What explains the success of these MMOs? Marshall McLuhan is often quoted in this context. In the 1960s he described (non-electronic) games as “dramatic models of our psychological lives providing release of particular tensions”. McLuhan said this long before video games as we understand them; even before Atari’s Pong, which was released in 1972. Was he right? Well, the most popular video games of recent times are titles like Call of Duty and Grand Theft Auto, in which killing people is central to the gameplay. Can it really be that all the people playing these games are “releasing tensions”? It is possible. Steven Pinker’s recent book The Better Angels Of Our Nature argues convincingly that far from getting more violent, statistics indicate that global violence overall remains in retreat, which hints tantalisingly at the idea that violent video games may in fact act cathartically for people harbouring dark fantasies.
McLuhan also referred to games as “collective rather than private dramatizations of inner life”. Here we move into the territory of MMOs. The collective element, the interactions with others in an alternate reality, all add to the sense of realism. Artificial Intelligence today is nowhere near good enough to provide this, meaning other players are currently necessary. Perhaps in the future players will become lost in their own games, with themselves the only “real” participants in vast gaming universes hosted on private servers, but for now this is mostly impossible.
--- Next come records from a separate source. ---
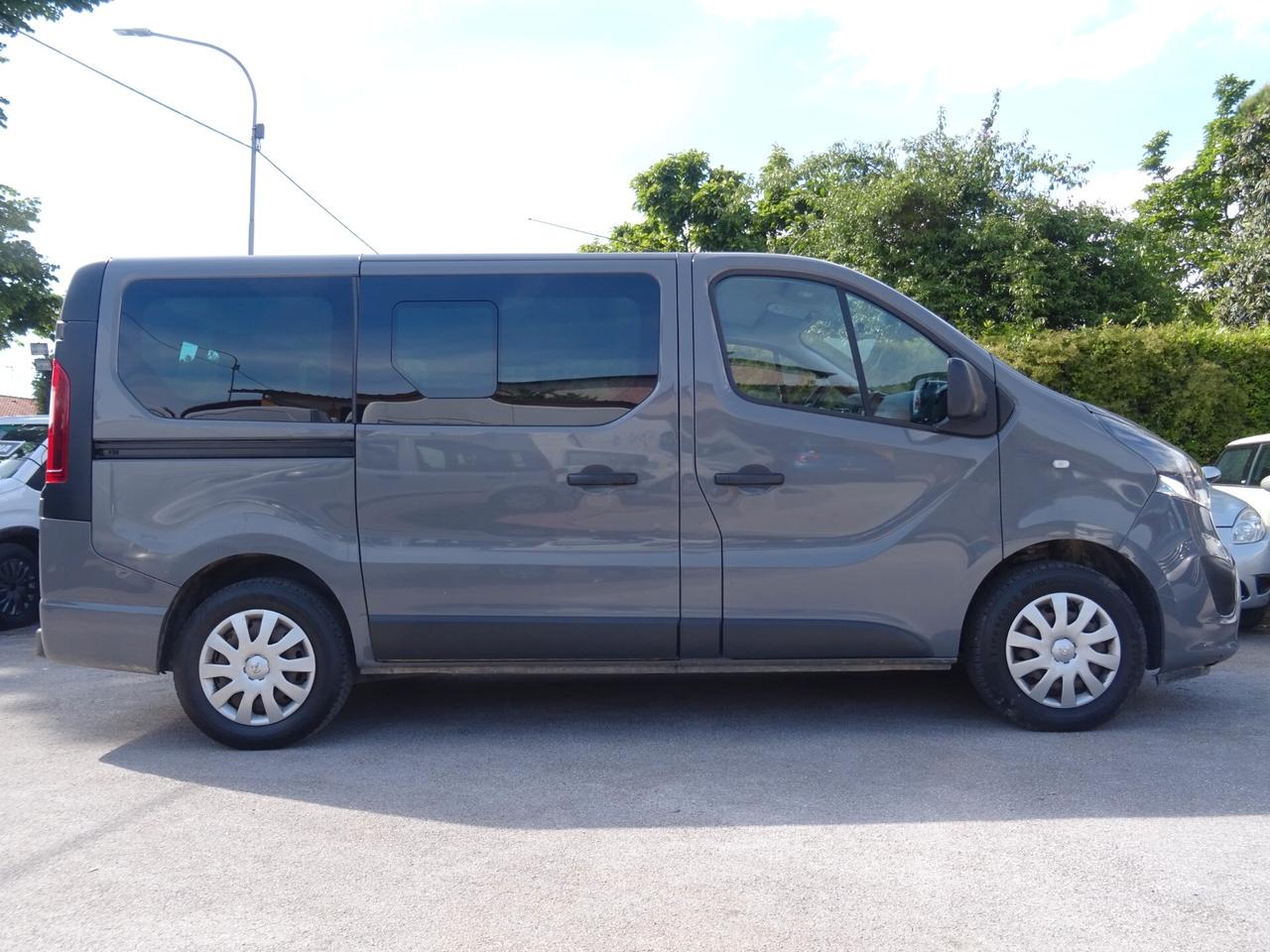 Opel Vivaro 27 1.6 CDTI 120CV 9posti \\PROMO FINE MESE\\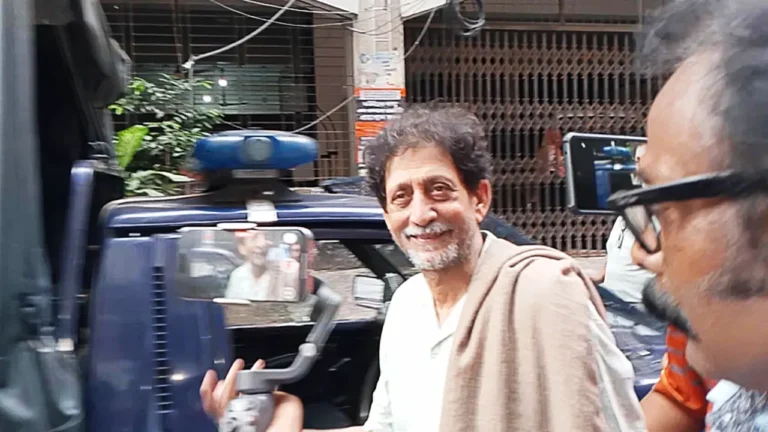 দুই কন্যার ‘আব্বু’ ডাকে আবুল বারকাতের আবেগমাখা সাড়া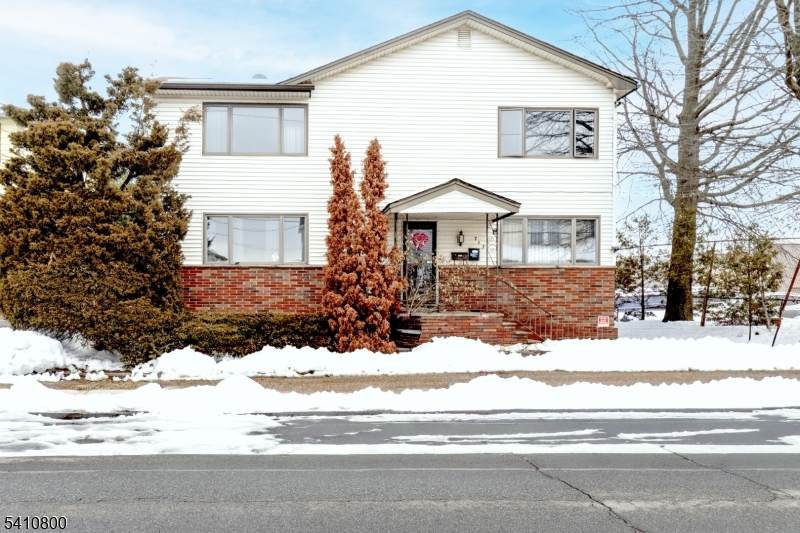 713 Dennis Pl - Photo 1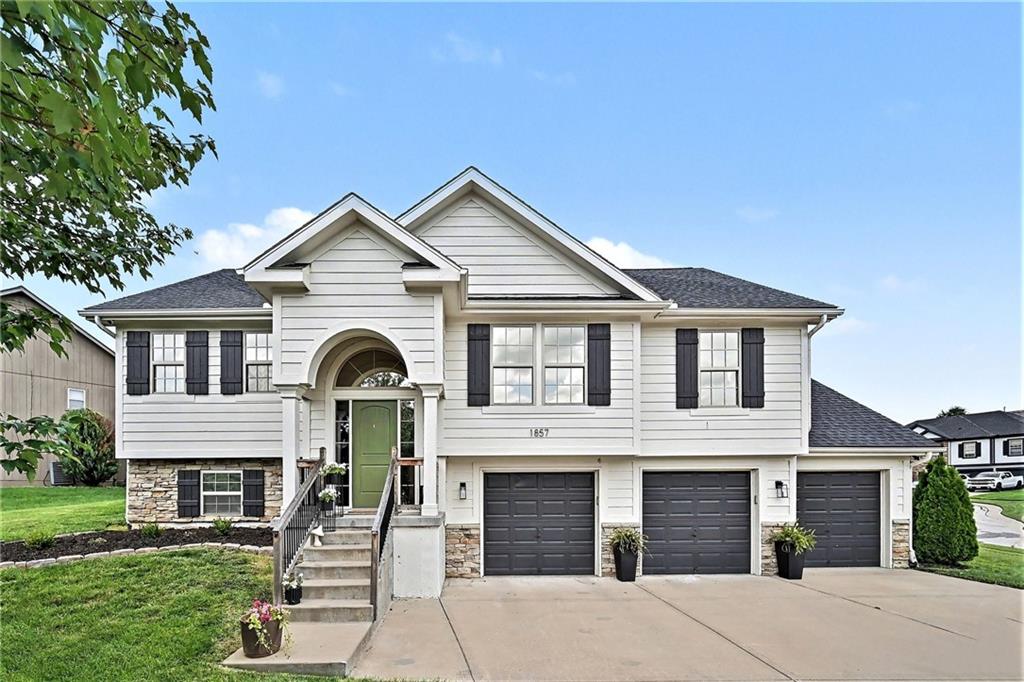 Photo of 1857 Shannon Drive Liberty MO 64068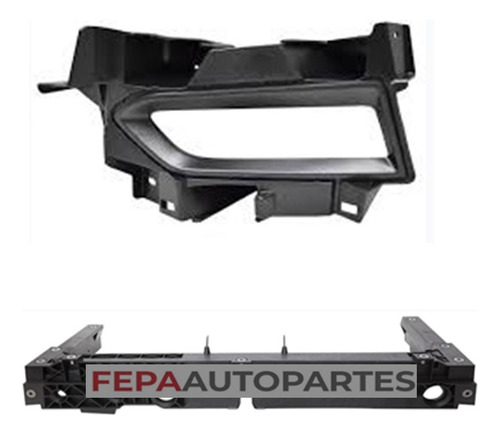 Grilla Marco Tapa Faro Auxiliar Nissan Versa 2020 / 2021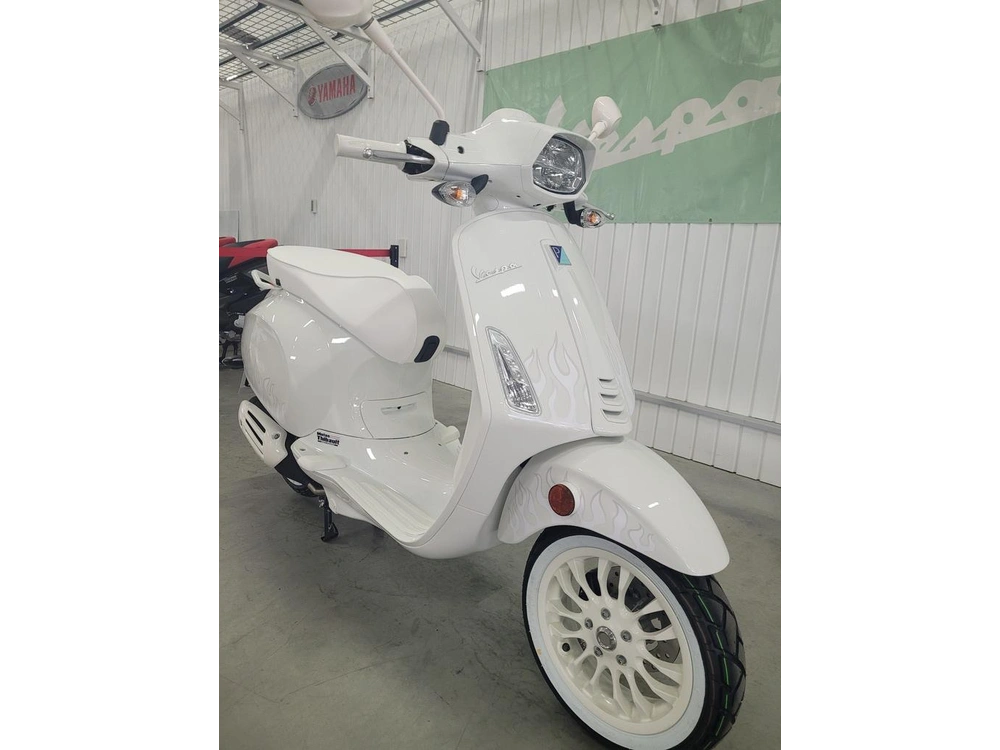 2022 Vespa Sprint 50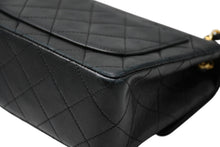 Load image into Gallery viewer, CHANEL シャネル ミニマトラッセ Sフラップ Sチェーンショルダーバッグ 1番台 ココマーク ラムスキン ブラック ゴールド金具 美品 中古 4b012228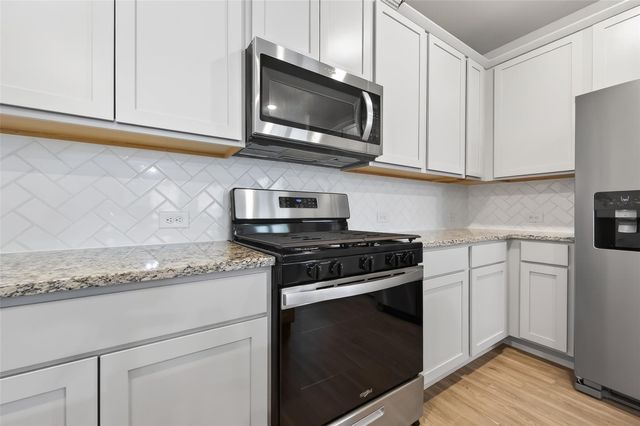 26218 Emory Hollow Drive, Tomball, TX 77375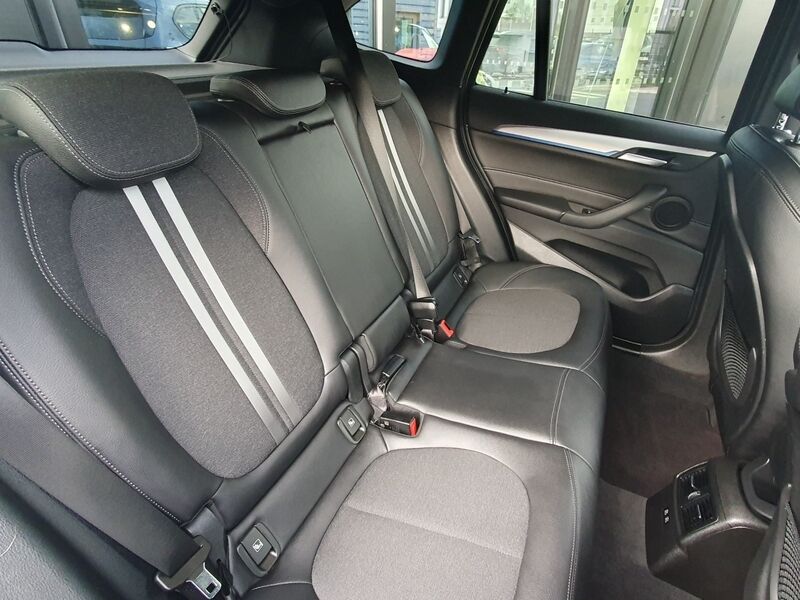 More views of BMW X1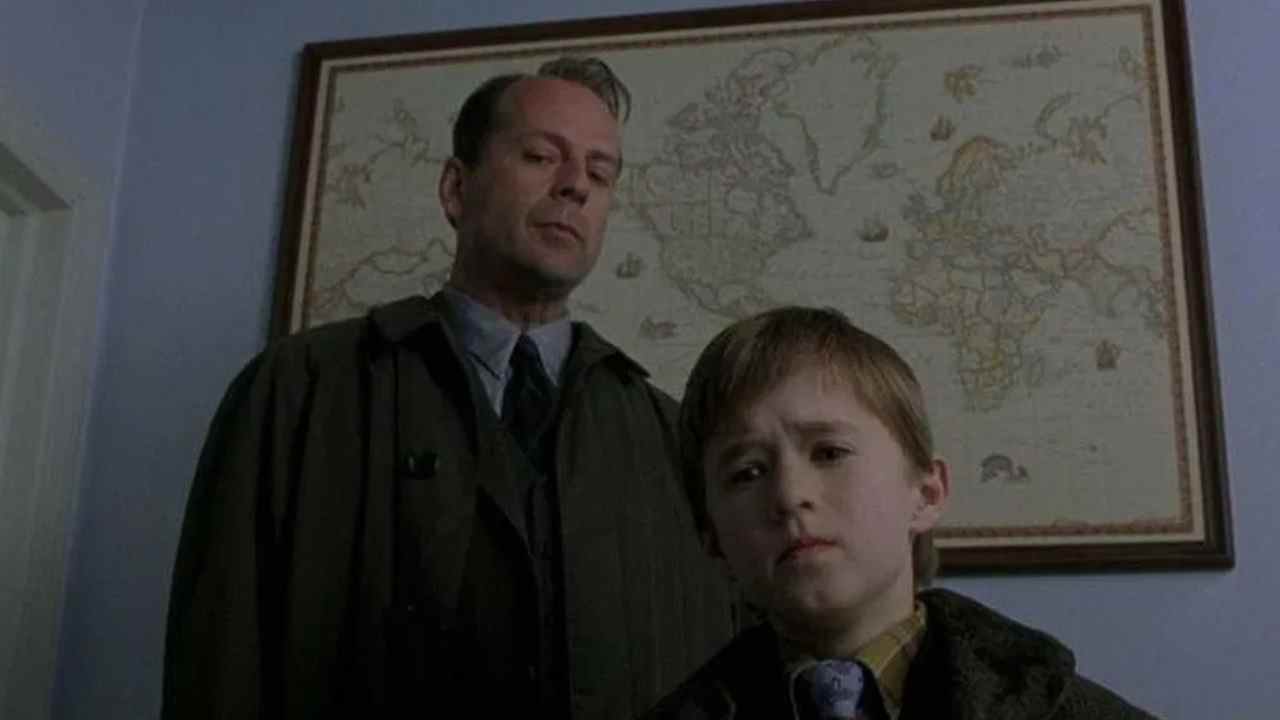 Bruce Willis et Haley Joel Osment dans Le sixième sens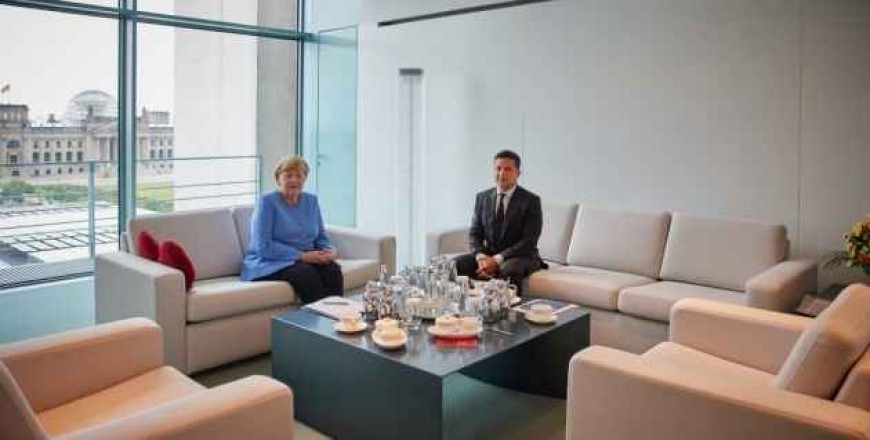 Merkel Says Gas Will Transit Ukraine Even After Nord Stream 2 Finished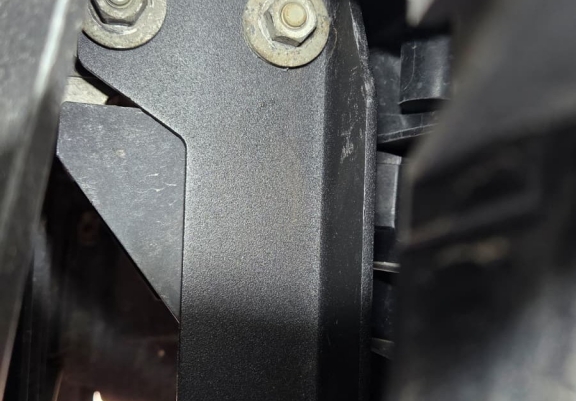 Cache sous moteur et de la radiateur BMW Seria 5  E60/E61 pare-chocs avant de série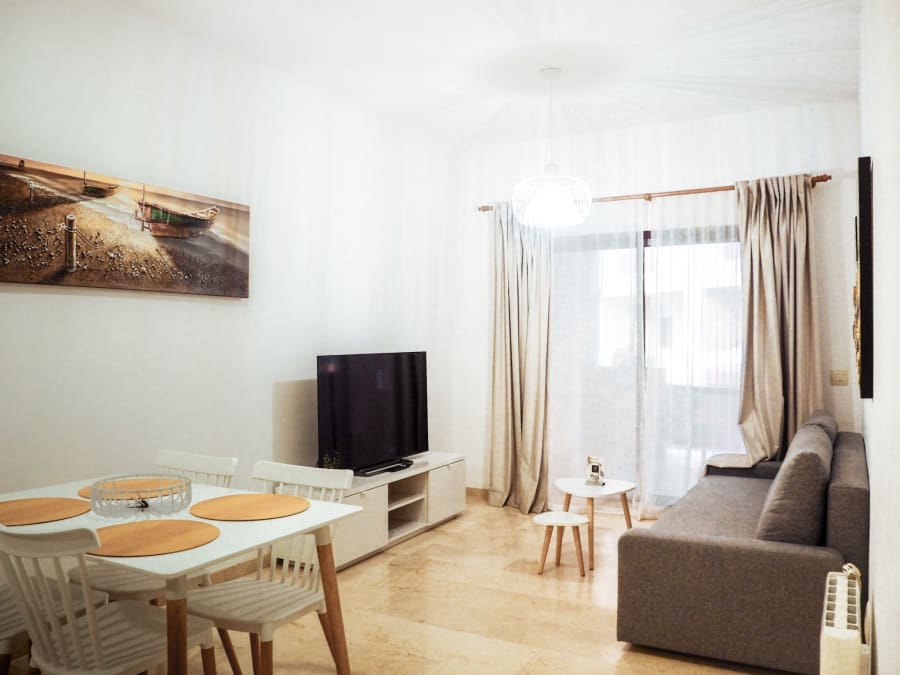 Apartamento de 1 dormitorio con salida directa al jardín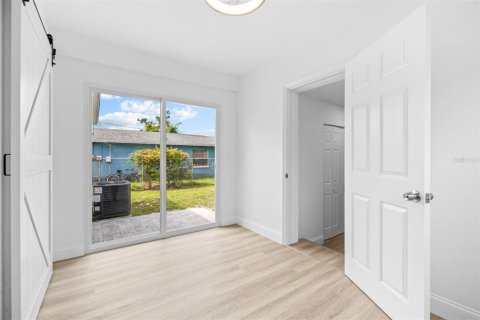 House in Saint Petersburg, Florida 3 bedrooms, 104.79 sq.m. № 2107871 - photo 18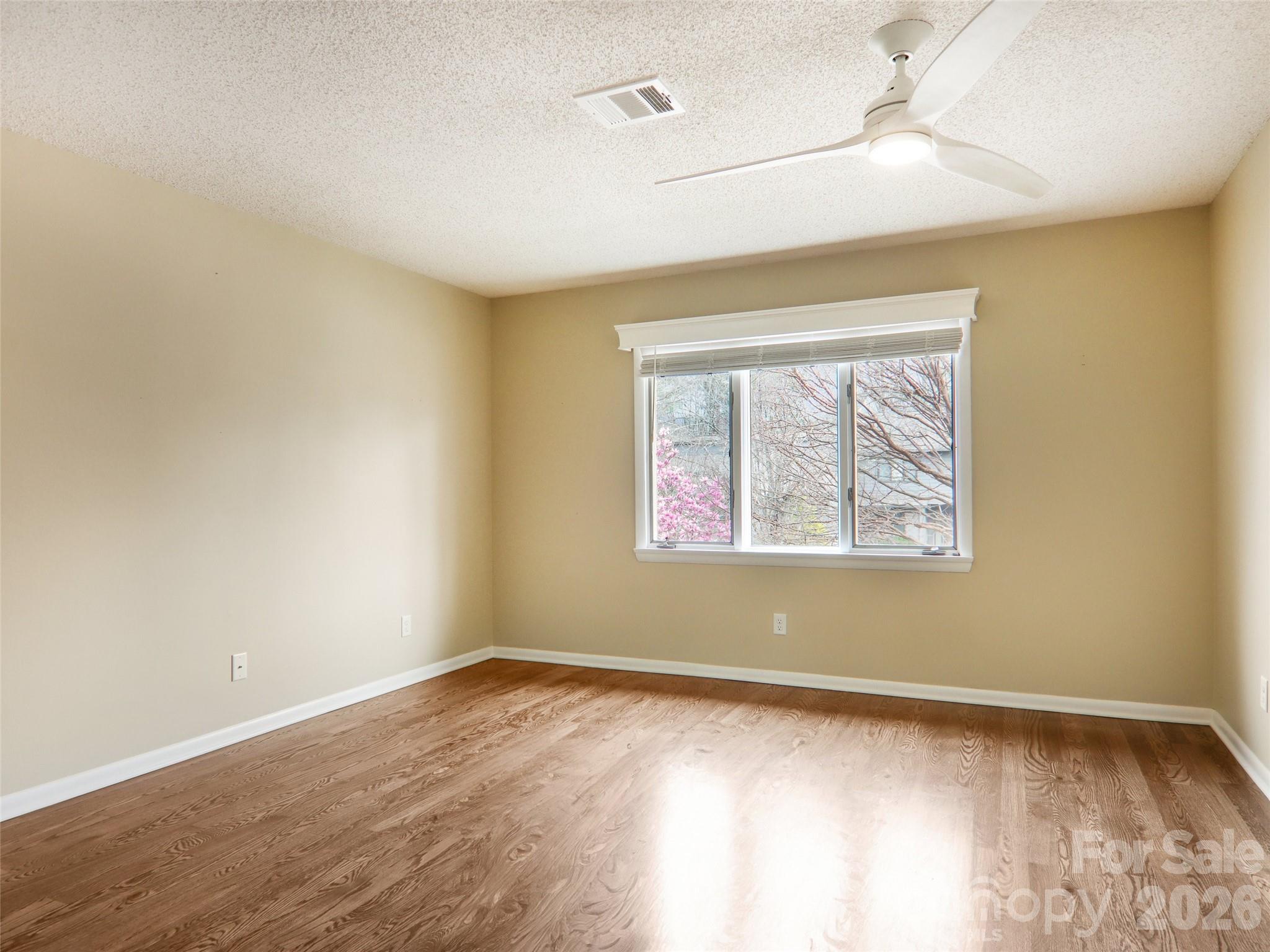 457 Crowfields Drive 6 Property Photo 33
What is the appeal of experiencing these alternative lives in parallel and often strange, alien worlds? Escapism for one thing. The following is a passage from J.R.R. Tolkien’s The Lord of the Rings:
On two chairs beneath the bole of the tree and canopied by a living bough there sat, side by side, Celeborn and Galadriel. Very tall they were, and the Lady no less tall than the Lord; and they were grave and beautiful. They were clad wholly in white; and the hair of the Lady was of deep gold, and the hair of the Lord Celeborn was of silver long and bright; but no sign of age was upon them, unless it were in the depths of their eyes; for these were keen as lances in the starlight, and yet profound, the wells of deep memory.
Anyone who has read Tolkien’s book will know such descriptions abound, and yet Tolkien said that a common complaint he received from fans was that his magnum opus was simply too short. George R.R. Martin’s A Song of Ice and Fire series, for all its length, is devoured by readers who adore its breadth and attention to detail. The same thing goes for Star Wars and Star Trek fans with their focus on extended universes and the importance of the “canon”. Most recently, Nintendo’s The Legend of Zelda: Breath of the Wild was lauded for the immensity of its gameplaying world, with journalists gushing over a map size that dwarfs games like Skyrim and The Witcher 3 – themselves enormous games and huge critical successes.
My own theory is that the huge, intricate worlds of fantasy, science-fiction and MMORPGs are explained by the times we live in. Wikipedia tells us that
By 1950, “sword and sorcery” fiction had begun to find a wide audience, with the success of Robert E. Howard’s Conan the Barbarian and Fritz Leiber’s Fafhrd and the Gray Mouser stories. However, it was the advent of high fantasy, and most of all J. R. R. Tolkien’s The Hobbit and The Lord of the Rings, which reached new heights of popularity in the late 1960s, that allowed fantasy to truly enter the mainstream.
Here is a map showing the years European colonies gained their independence.
It is perhaps noteworthy that the growth of fantasy coincided with the end of empire. The world had been discovered, colonised, de-Orientalised, raped, pillaged and industrialised. Men and women who before might have joined the foreign service and been shipped off to New Caledonia or Timbuktu or Darjeeling now had nowhere left to wander, no great wars to fight. They were born after the age of discovery and before technology would allow exploration of the galaxy. What was left except to conquer the new worlds of our imagination?